Items from a dataset
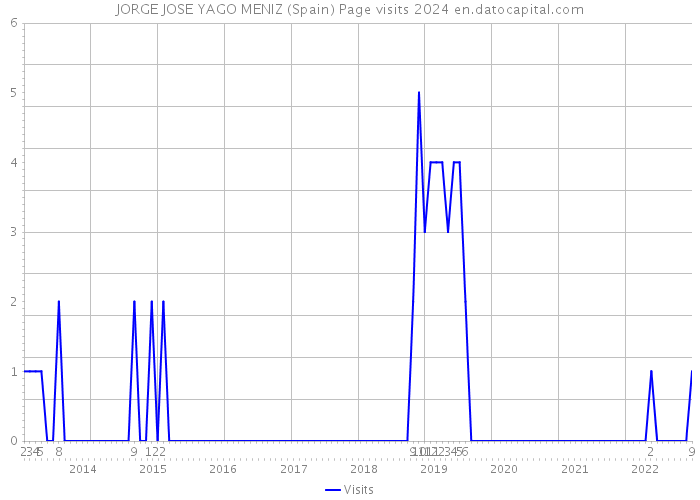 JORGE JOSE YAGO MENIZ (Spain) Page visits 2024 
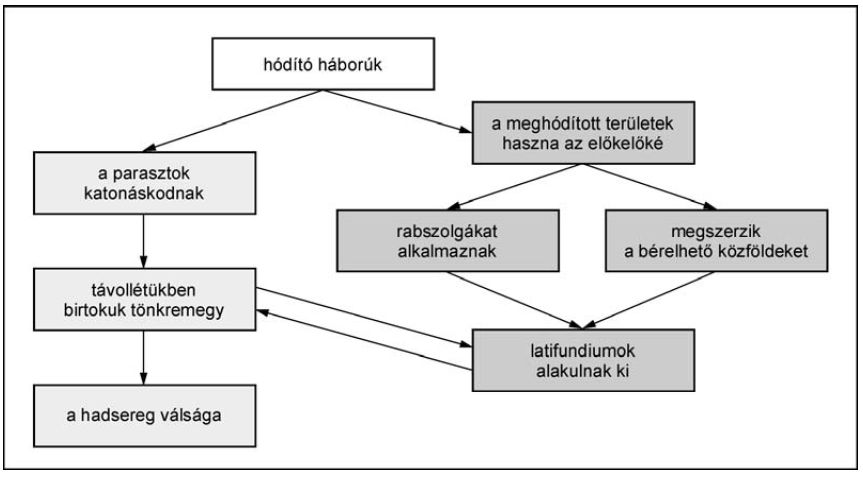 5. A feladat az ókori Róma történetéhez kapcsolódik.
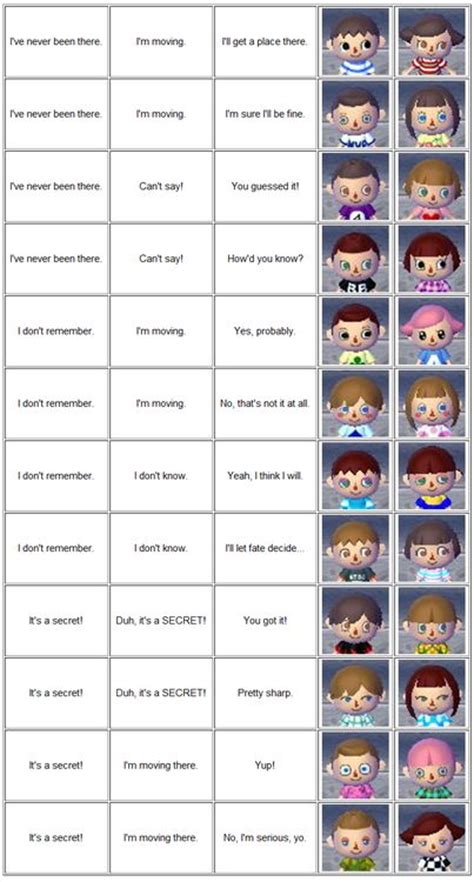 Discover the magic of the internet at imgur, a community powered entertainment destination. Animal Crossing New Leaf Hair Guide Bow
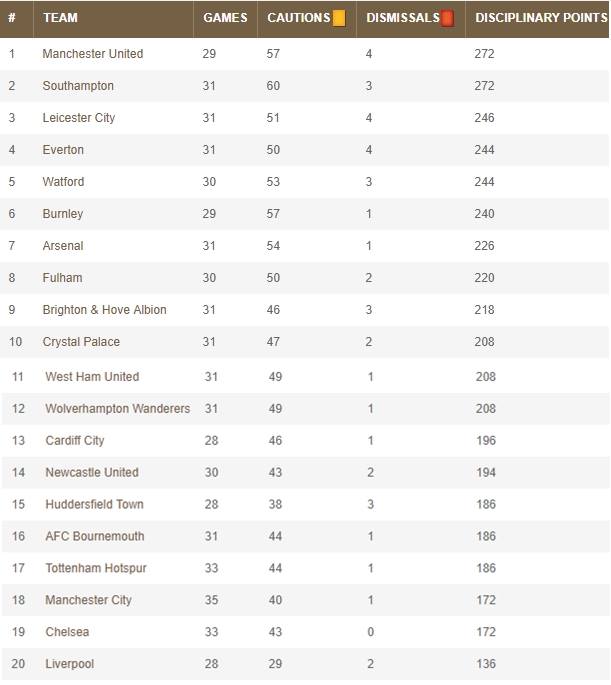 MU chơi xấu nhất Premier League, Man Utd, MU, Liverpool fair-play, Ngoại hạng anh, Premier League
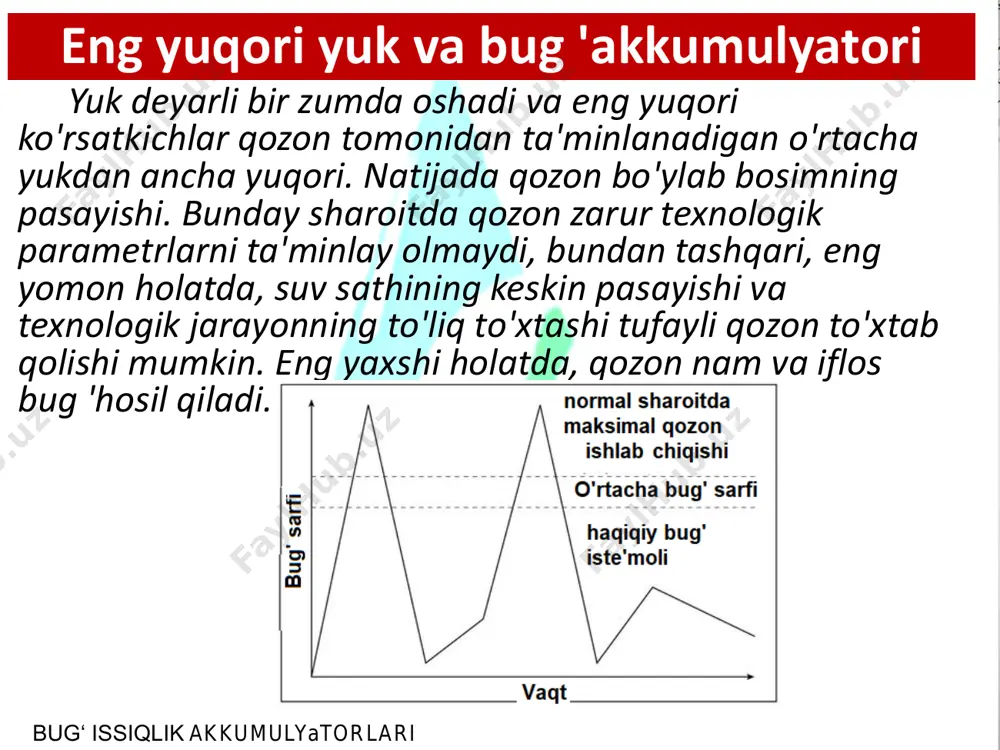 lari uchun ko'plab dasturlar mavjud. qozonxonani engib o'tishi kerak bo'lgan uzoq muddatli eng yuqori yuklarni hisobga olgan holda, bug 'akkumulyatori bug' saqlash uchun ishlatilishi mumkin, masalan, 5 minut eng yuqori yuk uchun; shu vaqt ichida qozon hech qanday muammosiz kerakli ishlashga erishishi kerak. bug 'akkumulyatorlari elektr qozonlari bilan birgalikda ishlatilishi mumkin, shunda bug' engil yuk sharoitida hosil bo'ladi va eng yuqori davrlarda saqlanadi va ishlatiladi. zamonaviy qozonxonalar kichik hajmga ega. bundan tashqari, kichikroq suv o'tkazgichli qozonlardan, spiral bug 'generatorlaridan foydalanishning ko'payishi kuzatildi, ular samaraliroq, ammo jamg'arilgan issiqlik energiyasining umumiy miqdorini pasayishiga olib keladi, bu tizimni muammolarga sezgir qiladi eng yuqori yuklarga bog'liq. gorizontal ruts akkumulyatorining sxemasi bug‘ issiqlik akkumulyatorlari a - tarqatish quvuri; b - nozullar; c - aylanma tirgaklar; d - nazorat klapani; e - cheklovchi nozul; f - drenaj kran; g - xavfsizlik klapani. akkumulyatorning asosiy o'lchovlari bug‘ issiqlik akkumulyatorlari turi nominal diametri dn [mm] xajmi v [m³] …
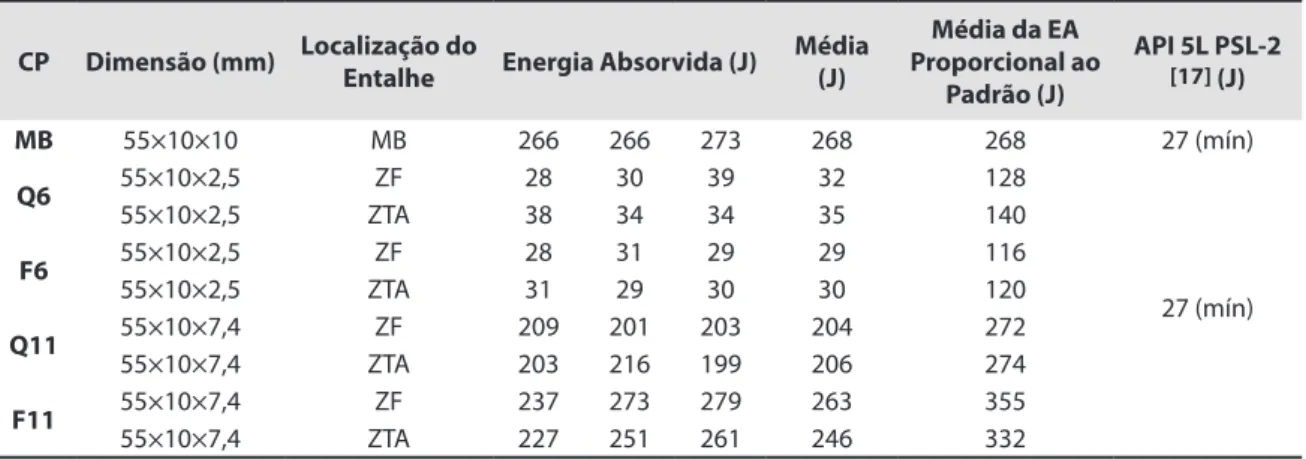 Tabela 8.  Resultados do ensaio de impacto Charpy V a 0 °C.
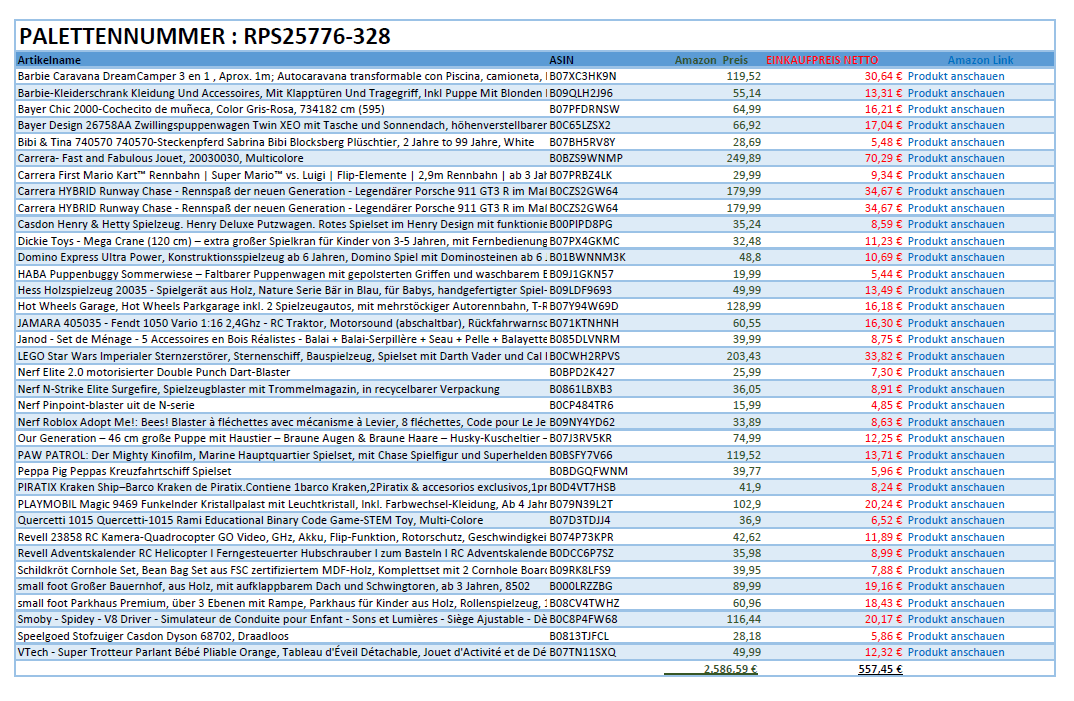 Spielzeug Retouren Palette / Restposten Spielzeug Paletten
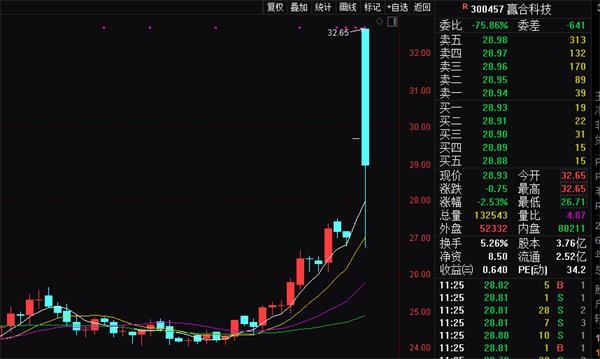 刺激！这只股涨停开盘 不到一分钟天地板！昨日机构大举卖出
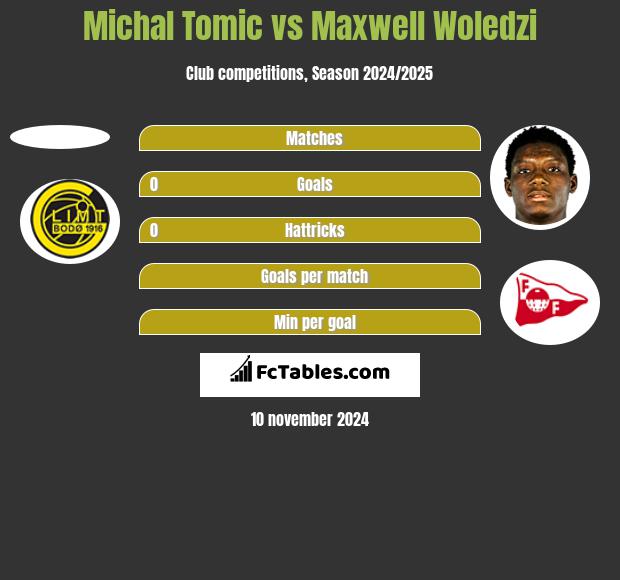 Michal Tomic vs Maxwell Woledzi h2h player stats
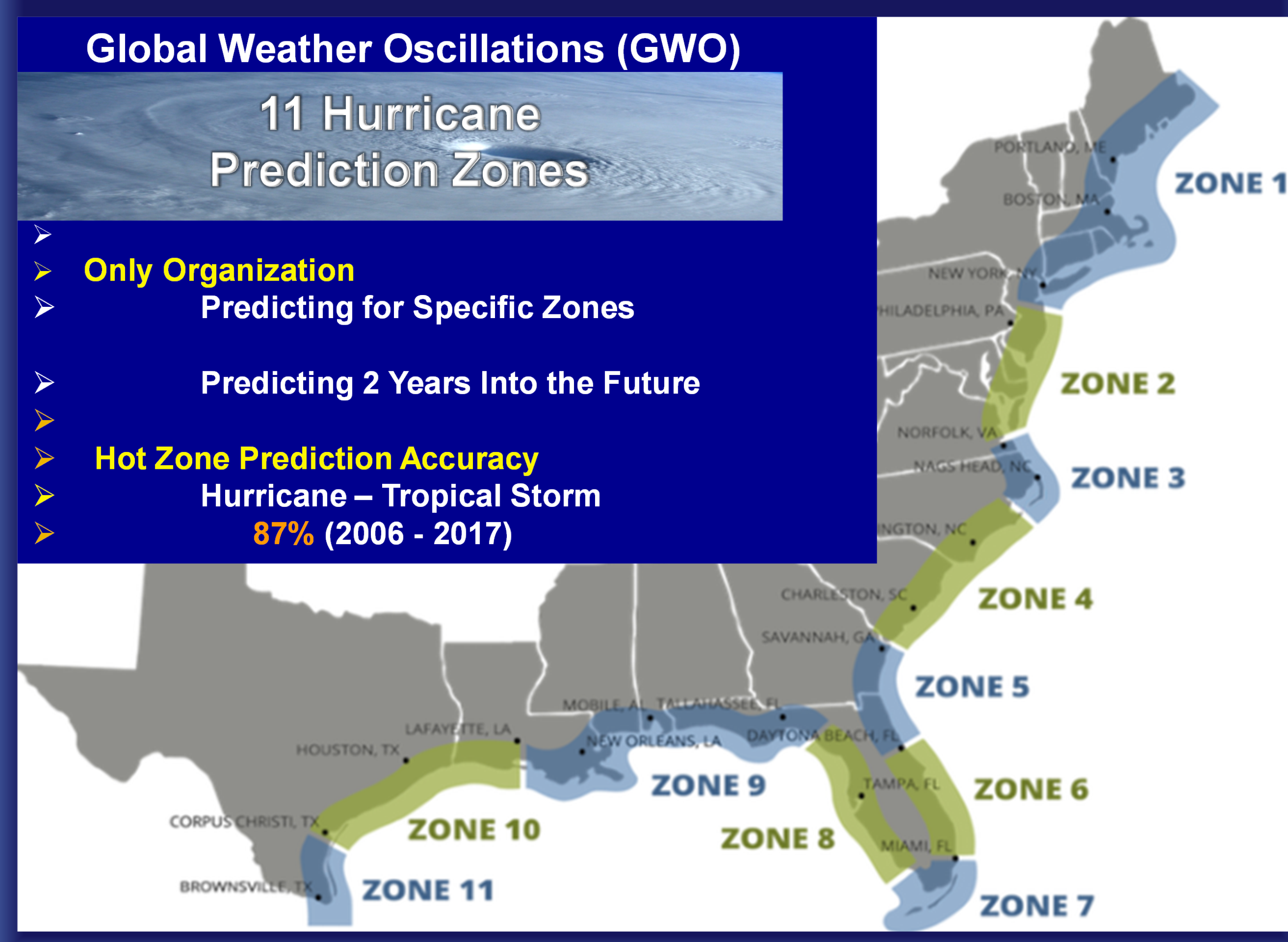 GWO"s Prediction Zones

• The problem:
Where the line with "Spielzeug Retouren Palette" appears, begin there and transcribe exactly through the last line of the data, leaving all pictures aside.

• Final answer:
 Spielzeug Retouren Palette / Restposten Spielzeug Paletten
 刺激！这只股涨停开盘 不到一分钟天地板！昨日机构大举卖出
 Michal Tomic vs Maxwell Woledzi h2h player stats
 GWO"s Prediction Zones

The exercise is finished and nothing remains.